Liquidation, also referred to as winding up, is a process whereby a Liquidator is appointed to collect and realise the assets of a company and then distribute those funds in accordance with the Corporations Act and bring the company’s existence to an end.  There are three different types of liquidations – Court Liquidation, Creditors’ Voluntary Liquidation and Members’ Voluntary Liquidation.

Here we consider Creditors’ Voluntary Liquidation.

How does the Creditors’ Voluntary Liquidation commence?

Where the directors and shareholders of the company recognise that the company is insolvent and cannot continue its operations or be rehabilitated, the directors may resolve to seek a resolution of shareholders and to place the company into liquidation.

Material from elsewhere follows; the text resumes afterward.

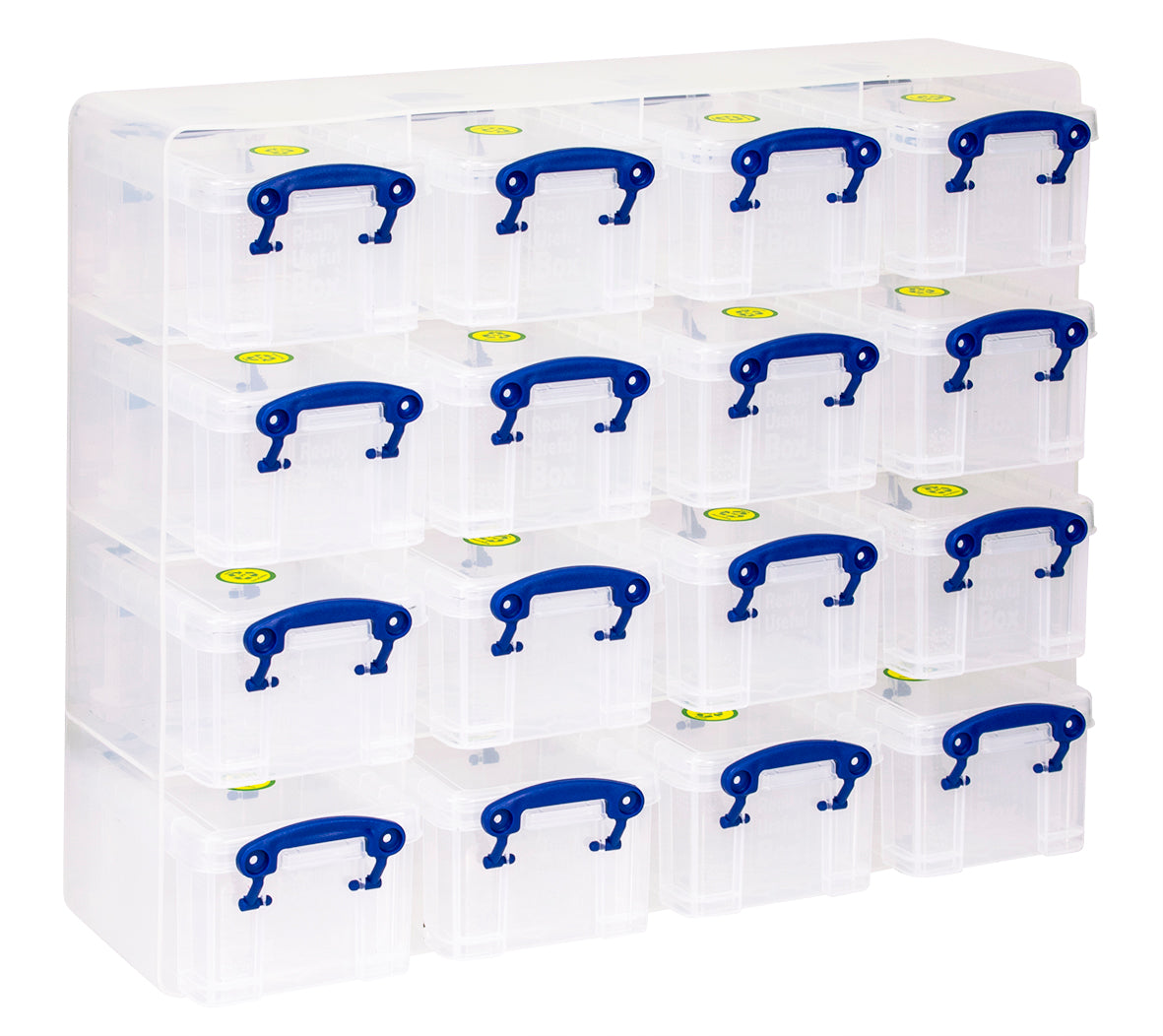 0.3 Litre x 16 Box Organiser Pack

It is more usual however for Creditors’ Voluntary Liquidations to follow a Voluntary Administration if a Deed of Company Arrangement is not proposed or approved at the second meeting of creditors in a Voluntary Administration.

Who is the Liquidator?

The Liquidator must be a Registered Liquidator (i.e. a liquidator registered with ASIC).  He or she must not be a significant debtor or creditor of the company and must be independent of the company and its officers.

Liquidator’s powers

The Liquidator’s main task is to take possession of the company’s assets and realise them so that the funds can be distributed to creditors.